School outlines capital plan to council

The town council has given its preliminary support for the school district’s proposed five-year capital plan totaling $1.31 million.

The councilors unanimously approved the request Tuesday night at their meeting. The next step is for a letter of support to be drafted and sent to the Rhode Island Department of Education.

“We’re here because of the requirement, and because we wish to communicate our plan for the next five years for the improvement of our buildings,” said Kathy Sipala, interim superintendent of schools.

Architect Kyle Robinson, of Saccoccio & Associates, detailed the proposal. He said the work scheduled for the 2024-28 plan is much smaller than the 2019-23 plan, which was buoyed by $5.9 million in bonds. The new proposal will not require bonds. Sipala said. It will be entirely paid for by money put aside in the school department’s annual budget.

“After five big years where a lot of work was done, this five years is really about continuing that,” Robinson said. “There were a few things that got pushed off because of cost overruns … We’re not asking for bonds. This is all based on doing a piece of a project, getting the reimbursement, putting that back in and moving on.”

Projects approved by the state are eligible for a 35 percent reimbursement, Robinson said. The $1.31 million proposal ultimately would cost the district $854,100 after it is reimbursed nearly $460,000. Robinson does not anticipate any issues with this plan being approved at the state level.

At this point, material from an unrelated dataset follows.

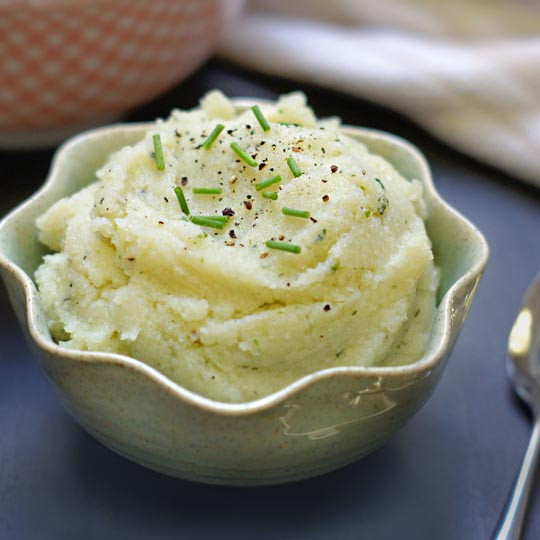 Paleo Mashed Potatoes
 Mashed Cauliflower Vegan Paleo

“These are generally very small projects,” he said. “We’re not going for anything major at this time.”

According to Robinson’s presentation, the annual set aside for the capital plan will be $150,000 in ’24, $366,000 in ’25 and ’26, and $216,000 in ’27 and ’28. Every year has routine maintenance, including painting, interior refurbishing and exterior renovations, which is between $26,000 and $36,000. The first year also has $24,000 to update the card access systems at both schools and $100,000 in professional services for Saccoccio.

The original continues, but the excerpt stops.